EXERCISE DETAILS: Leaving the pictures aside, reproduce the data in full and word for word.

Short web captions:
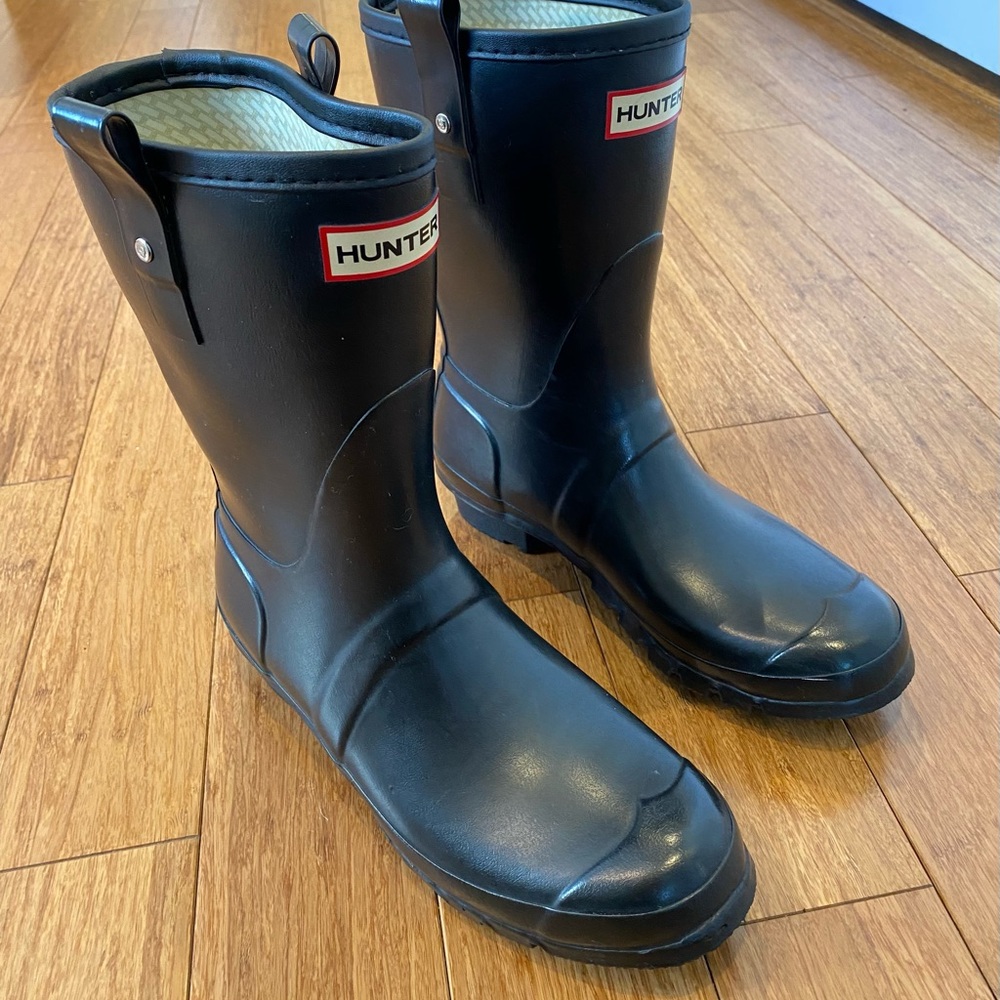 Mens original Black Hunter boots.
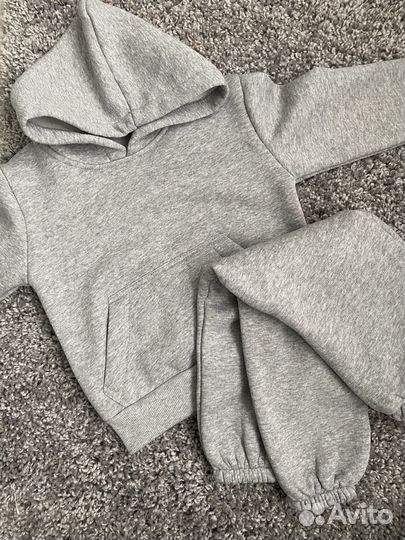 Спортивный костюм детский новый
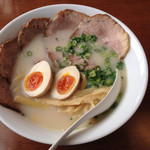 鶏白湯塩 味玉、チャーシュートッピング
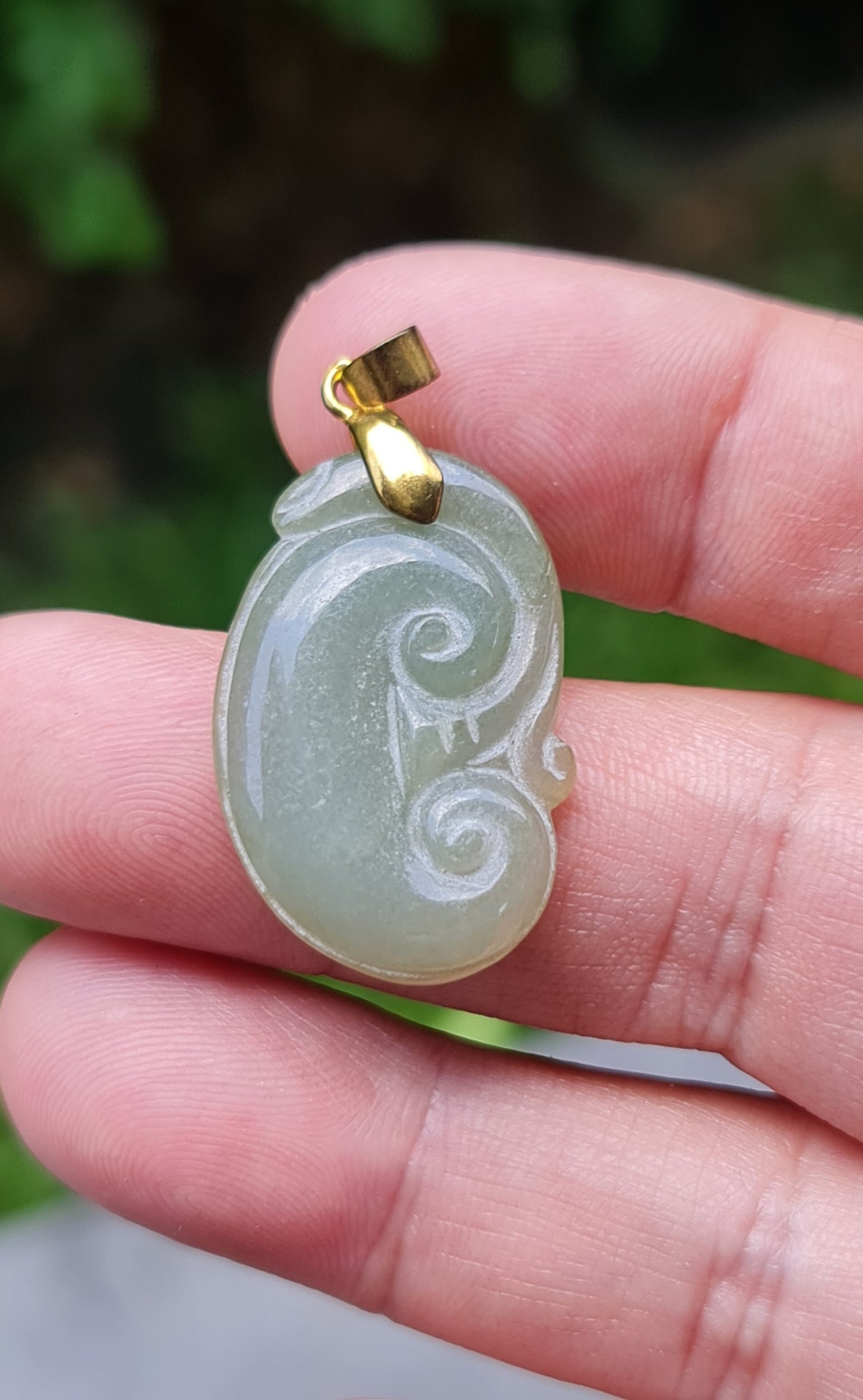 Natural Burmese Jadeite Jade Pendant – Icy Apple Green – Hand-Carved Ruyi Swirl Motif – JOP003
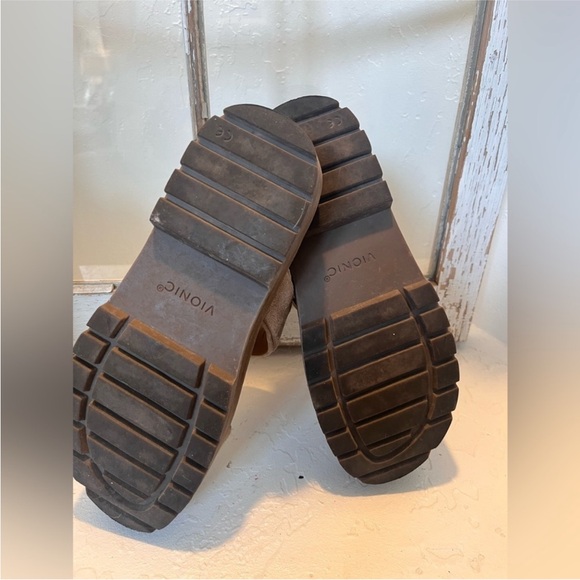 Vionic Sandals - Picture 4 of 4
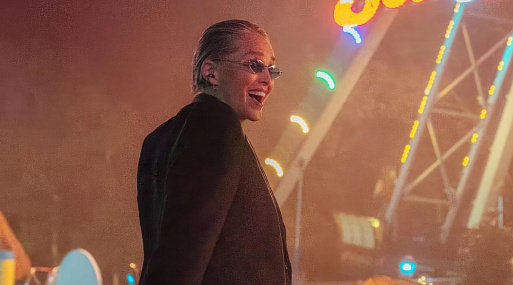 Шерон Стоун в роли злодейки на свежем кадре боевика «Никто 2»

RESULT FOR THIS EXERCISE:
 Mens original Black Hunter boots.
 Спортивный костюм детский новый
 鶏白湯塩 味玉、チャーシュートッピング
 Natural Burmese Jadeite Jade Pendant – Icy Apple Green – Hand-Carved Ruyi Swirl Motif – JOP003
 Vionic Sandals - Picture 4 of 4
 Шерон Стоун в роли злодейки на свежем кадре боевика «Никто 2»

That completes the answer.